Renowned sports historian James R. Hines chronicles figure skating's rise from its earliest days through its head-turning debut at the 1908 Olympics and its breakthrough as entertainment in the 1930s. Hines credits figure skating's explosive expansion to an ever-increasing number of women who had become proficient skaters and wanted to compete, not just in singles but with partners as well.

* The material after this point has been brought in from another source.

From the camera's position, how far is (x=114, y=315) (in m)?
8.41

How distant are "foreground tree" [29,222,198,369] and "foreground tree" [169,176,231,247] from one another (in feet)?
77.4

Matters reached a turning point when British skater Madge Syers entered the otherwise-male 1902 World Championship held in London and finished second. Called skating's first feminist, Syers led a wave of women who made significant contributions to figure skating and helped turn it into today's star-making showcase at every Winter Olympics.
Packed with stories and hard-to-find details, Figure Skating in the Formative Years tells the early history of a sport loved and followed by fans around the world.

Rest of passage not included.